E dopo 30 anni il Pd ha la stessa percentuale del Pci

Ventiseivirgolatre. Una percentuale impietosa. Che sembra rendere vani tanti sforzi per cambiare, adeguarsi alla storia, stare al passo con i cambiamenti sociali e politici. Tutto inutile. Perché tre simboli, quattro nomi e trent’anni dopo la falce e martello, il Pd milanese si ritrova nello stesso punto in cui stava il Partito comunista cittadino trent’anni fa, nel 1979, quando l’allora principale partito della sinistra italiana, alle elezioni europee, raccolse proprio il 26,3 per cento.

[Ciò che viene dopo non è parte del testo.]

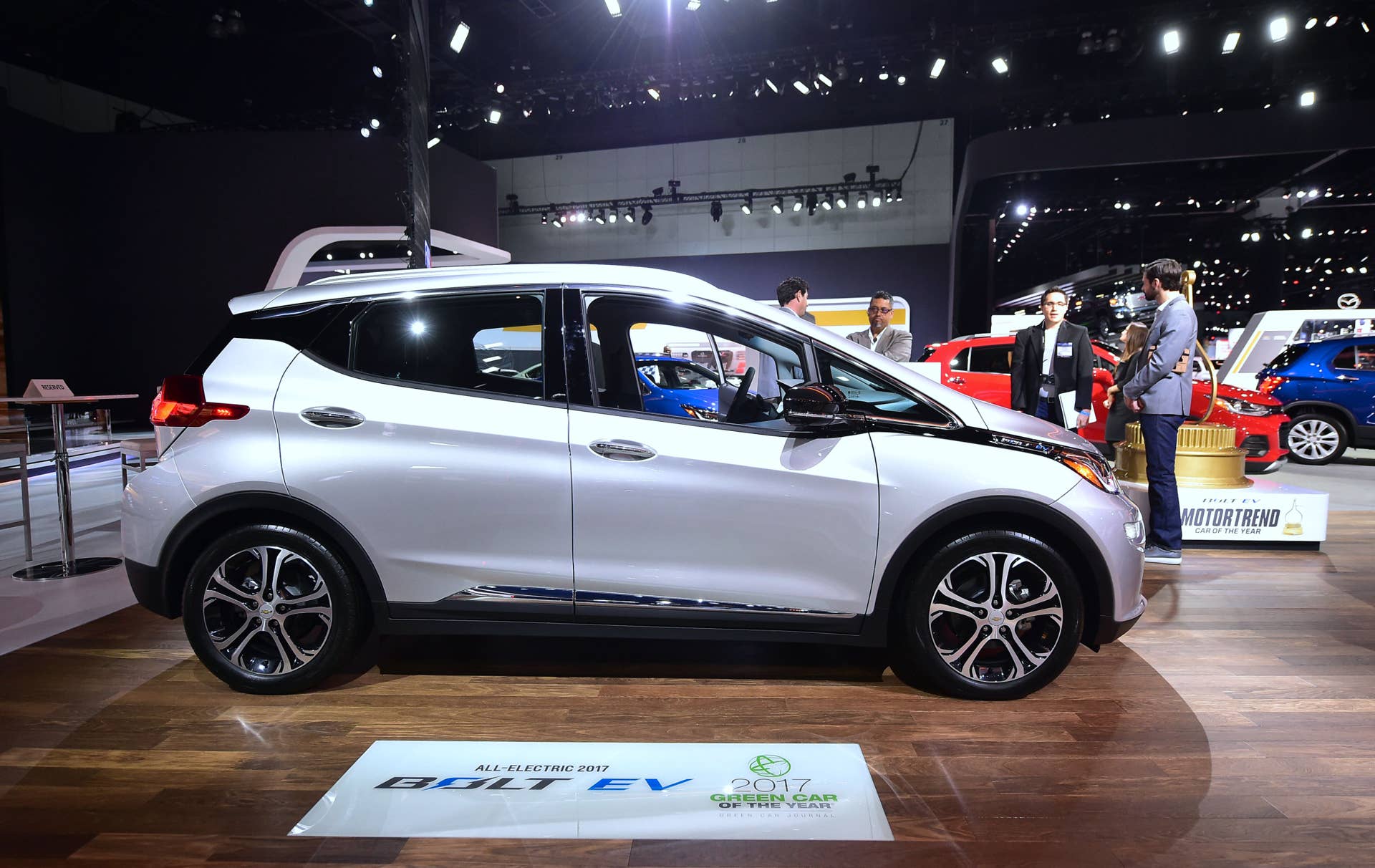 The Chevy Bolt EV, winner of the 2017 Green Car of the Year award, is on display on the second of two press days at the Los Angeles Autoshow, now called Automobility LA, in Los Angeles, California on November 17, 2016. / AFP / Frederic J. BROWN (Photo credit should read FREDERIC J. BROWN/AFP/Getty Images)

E sono praticamente 30 anni che le percentuali del partito erede del Pci non si schiodano da quella barriera che da tre decenni rappresenta il recinto e la prigione della sinistra comunista e poi post-comunista milanese. Alla faccia delle svolte socialdemocratiche, poi democratiche, e degli scimmiottamenti americani. Nel 1979 i comunisti in città erano al 26,3 per cento (27,9 con Democrazia proletaria). Dieci anni dopo al 24,6 (26,8 con Dp). Poi, nonostante le fusioni con gli spezzoni ex democristiani degli anni Novanta, e dopo il piccolo exploit del 2008, nel 2009 fa il Pd è tornato al 25,2 (28,7 con la lista comunista). E ora si torna a quel «maledetto» 26,3 per cento.
Insomma per quanti tentativi faccia di sfondare al centro, il recinto è quello, e non si supera. E non è solo un problema numerico. Anche politicamente la questione è quella: scrollarsi di dosso la patina del Pci-Pds-Pd, e proporsi davvero come un attore credibile del nuovo centrosinistra, quello capace di attrarre gli elettori centristi e di parlare alla fasce produttive delle regioni economicamente più avanzate del Paese.
Lo sa bene un moderato come Enrico Farinone, che nel Pd rappresenta proprio l’anima più moderata, quella di estrazione dc, che si sente sempre più stretta nella nuova creatura, dove il peso politico e organizzativo degli ex comunisti si fa sentire sempre di più, ed egemonizza la linea politica e la struttura. «L’analisi di Pierluigi Bersani sui risultati elettorali del Pd in generale, ma in particolare su quelli al Nord - dice Farinone - è sconfortante. Insufficiente. Consolatoria. In Lombardia abbiamo preso poco più del 20 per cento, e avremmo “migliorato” le nostre posizioni? Forse solo perché la legge elettorale ci consente di avere più eletti al Consiglio Regionale?».
Farinone non è convinto: «Mi preoccupa – dice l’ex segretario provinciale del Movimento Giovanile e consigliere comunale sestese della Dc - che a fare un’analisi del genere sia un uomo del Nord che il Nord ben conosce. Con queste premesse diventa difficile immaginare che vinceremo a Milano, tra un anno. Sarà bene che il gruppo dirigente del Pd – ovviamente in primis quello locale – comprenda che se non si toglie a questo partito la patina da vecchio Pds che tuttora lo copre non ci sarà possibilità alcuna da queste parti.


«Del resto - conclude Farinone - chi non ha quella tradizione alle spalle – inclusi i giovani che non hanno mai fatto parte di alcuna formazione politica – non è venuto nel Pd per stare in una copia sbiadita del Pds. Quindi, in vista di Milano – dove si può effettivamente provare a vincere – bisogna cambiare. E non poco».